→ Task brief: Leave every picture out, then reproduce the rest of the listing exactly.

→ Data records:
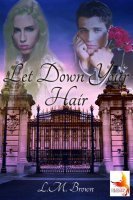 Let Down Your Hair
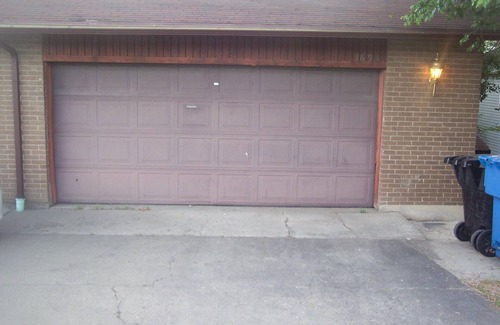 Cottonwood Heights House | On Bus Route to Solitude,Brighton 1950sqft 5Q,2 single Beds, and foosball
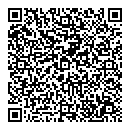 QR код "Медведь"
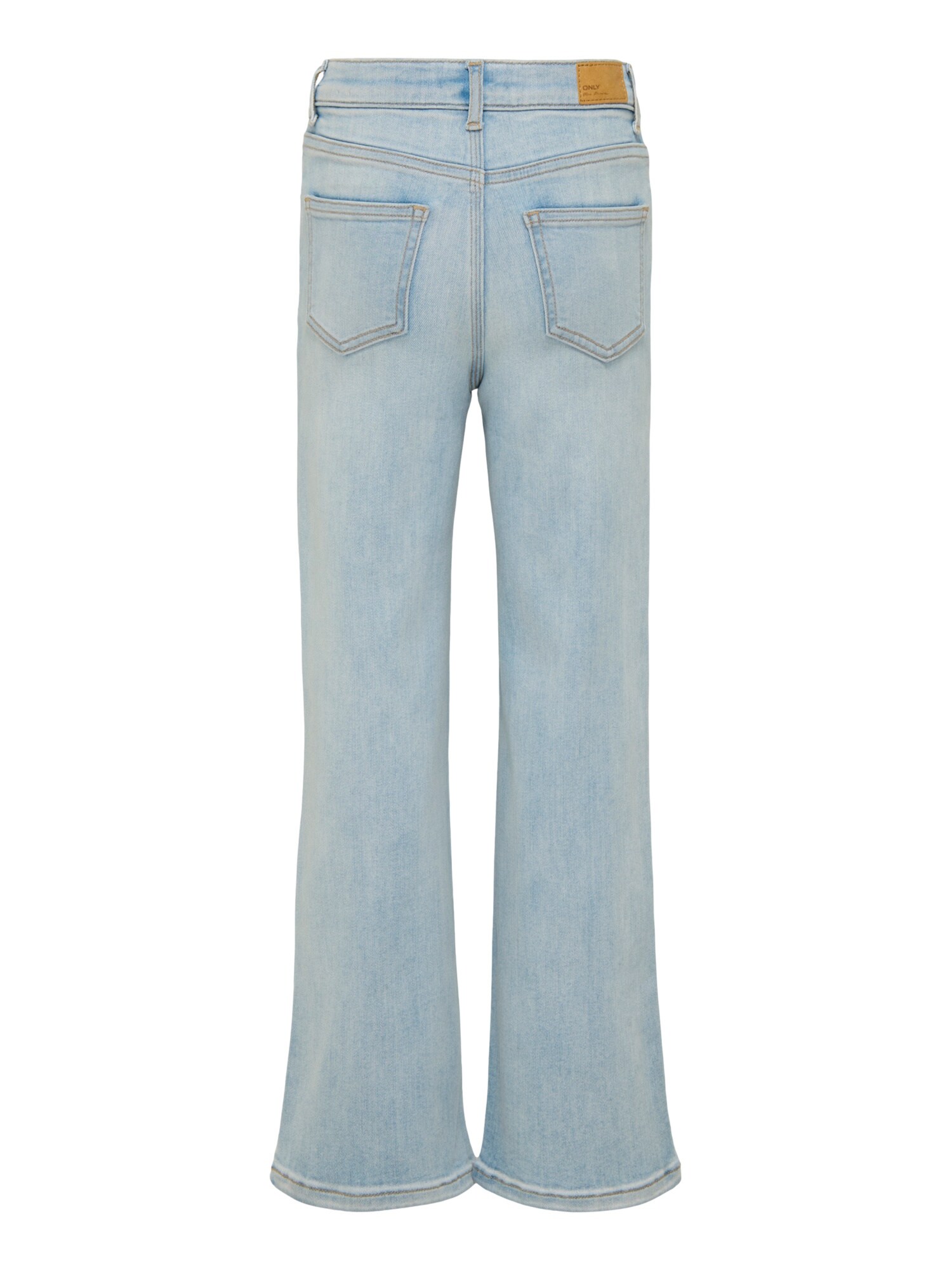 Kids Only Jeans MADISON Schlaghose - Bild 1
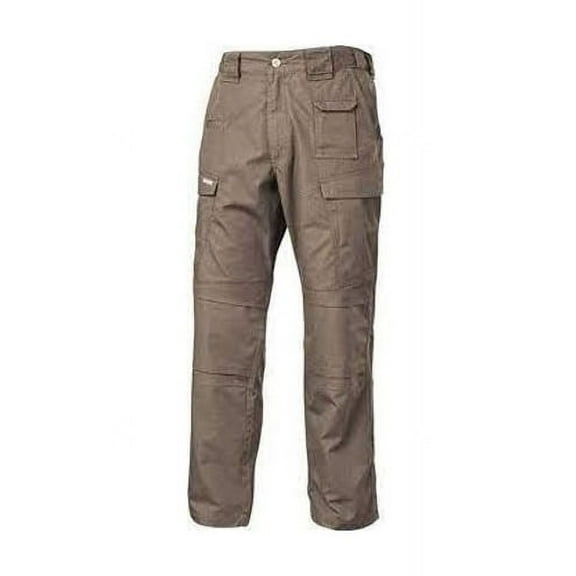 Blackhawk Tactical Pant PGR ( Fatigue / 30x34 )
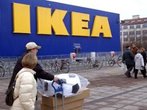Streit um Ikea-Standort: Das sagen unsere User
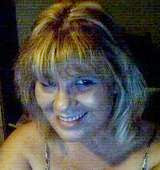 Teresa Parrish Photo 19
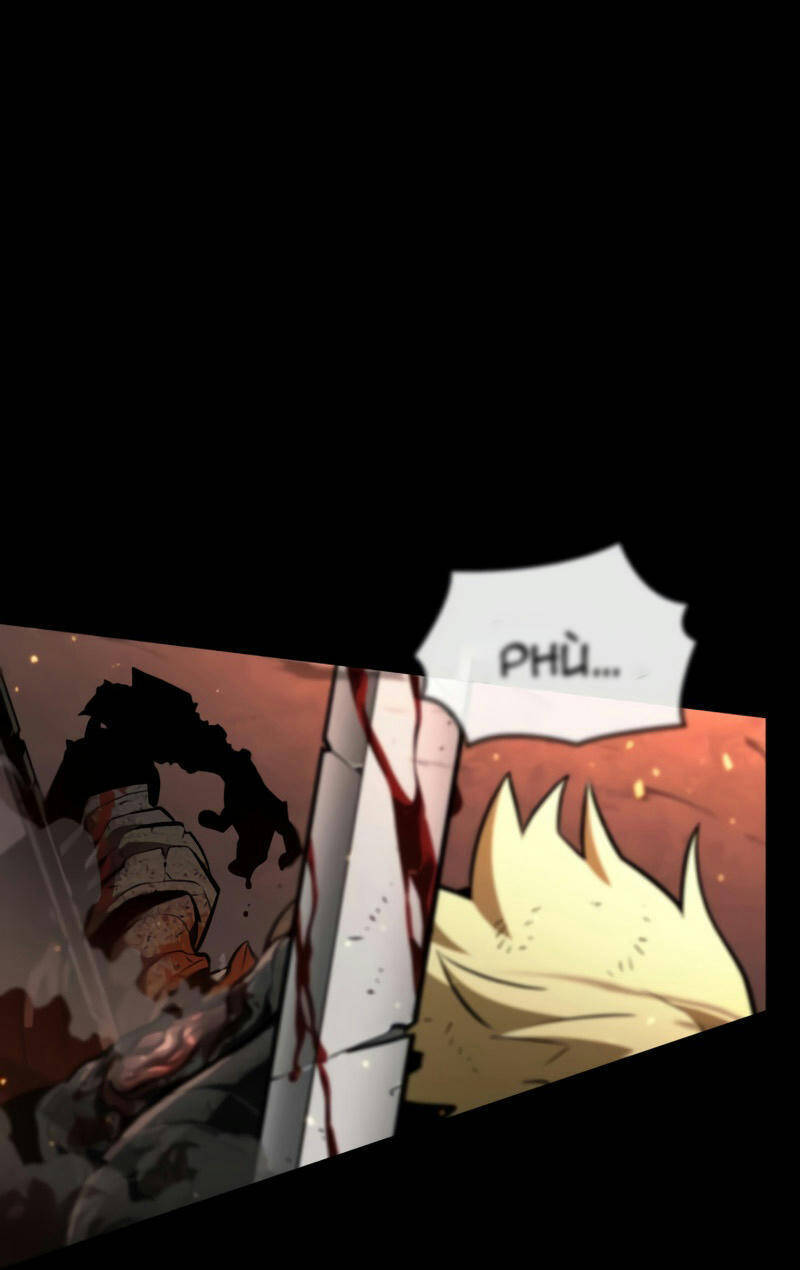 Thế Giới Sau Tận Thế Chapter 2 - 42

→ Reply to the task:
 Let Down Your Hair
 Cottonwood Heights House | On Bus Route to Solitude,Brighton 1950sqft 5Q,2 single Beds, and foosball
 QR код "Медведь"
 Kids Only Jeans MADISON Schlaghose - Bild 1
 Blackhawk Tactical Pant PGR ( Fatigue / 30x34 )
Streit um Ikea-Standort: Das sagen unsere User
 Teresa Parrish Photo 19
 Thế Giới Sau Tận Thế Chapter 2 - 42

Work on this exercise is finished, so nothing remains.